On this blood-lit eve of Easter Sunday, the holiest and most radiant night of the Christian calendar — the altar slick with the memory of resurrection and ruin — there is an almost sacramental reverence as a dark ocean of black-clad disciples clusters ominously, murmuring and waiting, awaiting the second coming of their long-loved saints of sonic warfare: Front Line Assembly.
Above the O2 Islington, the air crackles like a cathedral’s high dome under storm clouds, as the faithful gather, soaked in memory and hope. Tonight’s performance is a sacrament of renewal, a pilgrimage of shadowed souls draped in leather and lace, come to kneel before a blasphemous altar built of bass, blood, and broken beats.
Before the promised transfiguration, Tension Control, the Electronic Body Music project birthed and baptised by composer, producer, and vocalist Michael Schrader, storms the pulpit. His sound is a minimalist gospel of war drums and synth screams, an industrial catechism pounding through the O2’s metal bones.
Schrader delivers the first sermon of the night in pure volts and decibels"
Michael’s husky, hoarse vocals are spat like prayers into a poisoned sky, cutting through the electric gloom like shards from a shattered cathedral window. Behind him, black-and-white imagery of riot, decay, and despair flickers like the fevered visions of a dying prophet. Schrader delivers the first sermon of the night in pure volts and decibels, his relentless rhythm a heartbeat for the gathered, a binding litany written in sweat and steel.
Then the veil is torn wide open by Dead Lights — two high priests of the dark arts, conjuring a theatre of the damned. Their performance tonight is pure Luciferian spectacle: Saul’s drums strike with the ferocity of exiled seraphim, while the masked and glitter-shrouded Richard slithers onto the smoke-drenched stage like a fallen archangel crowned in strobe-light halos. The interplay of blinding lights, shifting smoke, and savage sound forms a gothic oratorio of exquisite torment.
Saul’s drumming is balletic, surgical — a mechanical cherubim hammering the gates of heaven — while Richard, in towering platforms, commands with operatic might, a dark apostle wielding a glittering scythe. Their set, a journey through five years of creation and destruction, is a testament to their devotion to the dark glamour of gothic ecstasy. Dead Lights leave the congregation gasping, adrift in a delicious, narcotic rapture.
The Kyrie Eleison, the Sanctus, the Agnus Dei — sung in static and light — have passed. Now it is time for the Dies Irae, the Day of Wrath. Front Line Assembly ascend the pulpit to deliver the final mass.

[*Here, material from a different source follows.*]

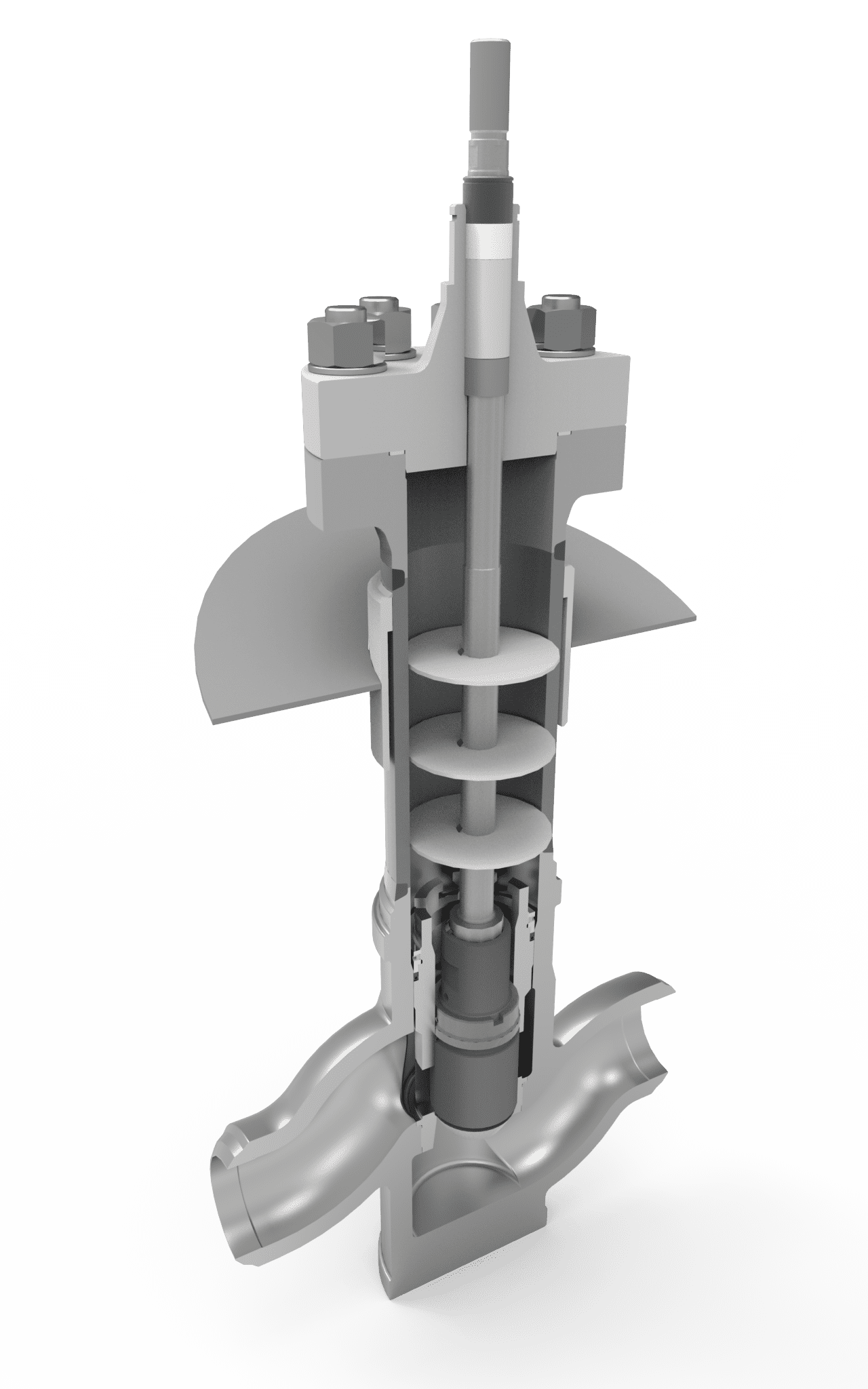 4000 Series Control Valve Severn Valve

Opening with Anthropod, they seize the crowd in iron fists, dragging them into a hypnotic inferno. This is an ecstatic possession. The basslines buzz and crackle like the final trumpets, synths clash like serrated swords, and Bill Leeb stands at the centre like a cybernetic John the Baptist, snarling benedictions into the fevered dark.

Clutching his microphone like Moses wielding a serpent staff, he lunges and commands, a preacher rousing the faithful to rebellion. Tracks like Plasticity and Mindphaser bludgeon and uplift, smashing against the walls of the O2 like battering rams against a temple of ice.
This performance — this profane eucharist — we hath survived: a black mass of ritual chaos where atmosphere and agony twisted together like serpents in the mouth of a dying god. Every pulse of noise was a thunderclap in the crumbling nave of our senses — consumed, ripped into the soul like communion bread laced with ash and fire, burning holes through the heart.

When Killing Grounds emerged from the wreckage, it was a baptism of ice in an industrial furnace world, a blade of cold slicing through fevered flesh. The melody hovered like war-torn incense above a battlefield, tender yet shivering with the scars of everything that had come before — a ghostly balm after the exquisite violence.
The congregation, fevered and half-ruined, raised their arms in trembling devotion — a cathedral of blood, bone, and bassline, fused into a single mass of sacred, electric defiance.
Tonight was a resurrection, a reckoning, and it will be carved into our haunted hearts forevermore… forevermore.